The proposal has been evaluated through the examination of nearly 1,500 malware samples from the five architectures that are supported by the framework, offering promising results and proving its effectiveness when clustering malware samples. Especially relevant is the outcome of the dynamic analysis, in which the proposal has been able to cluster samples from multiple malware campaigns, even if they were designed for different architectures. In addition, it has been detected that, when clustering using the static features, samples may appear different depending on the architecture for which they were compiled or the different compilation options. Other factors, such as code obfuscation, also hinder the task, although the results generated by the static analysis are also satisfactory.

Given the good results offered by the framework when tested and knowing the importance of improving the analysis of malware samples, there are several lines of research that could be followed to complement this proposal.
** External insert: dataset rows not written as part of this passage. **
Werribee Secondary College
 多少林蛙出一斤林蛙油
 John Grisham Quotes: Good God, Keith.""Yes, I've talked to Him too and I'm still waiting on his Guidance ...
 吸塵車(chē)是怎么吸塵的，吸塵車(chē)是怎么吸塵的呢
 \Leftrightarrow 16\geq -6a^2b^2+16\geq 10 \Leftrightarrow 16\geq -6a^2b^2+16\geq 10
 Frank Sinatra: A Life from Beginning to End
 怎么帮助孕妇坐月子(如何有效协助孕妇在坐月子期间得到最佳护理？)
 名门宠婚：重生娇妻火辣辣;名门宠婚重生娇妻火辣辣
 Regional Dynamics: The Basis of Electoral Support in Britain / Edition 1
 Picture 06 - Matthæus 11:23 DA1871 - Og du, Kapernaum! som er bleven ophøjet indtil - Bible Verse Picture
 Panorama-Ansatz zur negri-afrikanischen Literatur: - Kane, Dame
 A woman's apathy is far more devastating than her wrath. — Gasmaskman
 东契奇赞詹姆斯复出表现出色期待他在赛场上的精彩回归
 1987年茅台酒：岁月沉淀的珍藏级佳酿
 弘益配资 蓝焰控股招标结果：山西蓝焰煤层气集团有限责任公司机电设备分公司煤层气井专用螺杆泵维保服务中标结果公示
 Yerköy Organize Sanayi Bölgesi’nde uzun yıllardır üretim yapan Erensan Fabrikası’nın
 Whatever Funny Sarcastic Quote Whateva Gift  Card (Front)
Some such projects could be toStudy the network communications made by the malware samples when they are executed and use them as a feature to cluster themExpand the visualization features, offering the user an interactive representation of the results, allowing them to directly browse through the different samples or filter them by selecting certain characteristics.Add other IoT architectures so that samples designed for them could also be examined.Employ other metrics to determine sample similarity, and even to use advanced machine learning techniques to add a layer of intelligence to the framework.

Data Availability

The sample data used to support the findings of this study are available from the corresponding author upon request.

Conflicts of Interest

The authors declare that there are no conflicts of interest regarding the publication of this paper.

Acknowledgments

This work was supported by the MINECO and European Commission (FEDER funds) under project RTI2018-098156-B-C52, the JCCM under the project SB-PLY/17/-180501/-00035, the Spanish Education, Culture and Sports Ministry under grants FPU 17/03105 and FPU 17/02007, the University of Castilla-La Mancha under the contract 2018-PREDUCLM-7476 and the project 2020-GRIN-28846, and the Spanish State Research Agency under the project PEJ2018-003001-A.